The lines below that include "Women" are to be found and copied.

**The data**:
***
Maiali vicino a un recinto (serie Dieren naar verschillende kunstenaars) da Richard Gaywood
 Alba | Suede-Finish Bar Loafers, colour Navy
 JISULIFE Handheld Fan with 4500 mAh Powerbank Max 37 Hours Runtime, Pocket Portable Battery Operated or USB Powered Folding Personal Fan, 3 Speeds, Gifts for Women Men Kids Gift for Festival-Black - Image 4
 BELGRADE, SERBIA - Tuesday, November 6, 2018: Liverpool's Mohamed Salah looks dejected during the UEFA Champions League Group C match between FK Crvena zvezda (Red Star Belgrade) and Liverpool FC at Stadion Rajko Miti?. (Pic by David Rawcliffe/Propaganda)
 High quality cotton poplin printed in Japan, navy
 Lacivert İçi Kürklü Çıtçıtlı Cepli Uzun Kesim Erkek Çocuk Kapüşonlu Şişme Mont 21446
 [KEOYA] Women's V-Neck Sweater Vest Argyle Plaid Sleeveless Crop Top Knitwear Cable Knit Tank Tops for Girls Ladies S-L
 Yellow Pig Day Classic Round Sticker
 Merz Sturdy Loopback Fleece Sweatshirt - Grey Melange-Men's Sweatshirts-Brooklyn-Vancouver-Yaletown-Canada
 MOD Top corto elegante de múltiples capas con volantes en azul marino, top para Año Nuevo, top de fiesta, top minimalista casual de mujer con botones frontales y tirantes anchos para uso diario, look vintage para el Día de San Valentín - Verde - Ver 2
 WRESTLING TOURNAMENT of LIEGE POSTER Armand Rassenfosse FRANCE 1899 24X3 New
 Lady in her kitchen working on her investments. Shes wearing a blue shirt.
***
**Exercise response**:
 JISULIFE Handheld Fan with 4500 mAh Powerbank Max 37 Hours Runtime, Pocket Portable Battery Operated or USB Powered Folding Personal Fan, 3 Speeds, Gifts for Women Men Kids Gift for Festival-Black - Image 4
 [KEOYA] Women's V-Neck Sweater Vest Argyle Plaid Sleeveless Crop Top Knitwear Cable Knit Tank Tops for Girls Ladies S-L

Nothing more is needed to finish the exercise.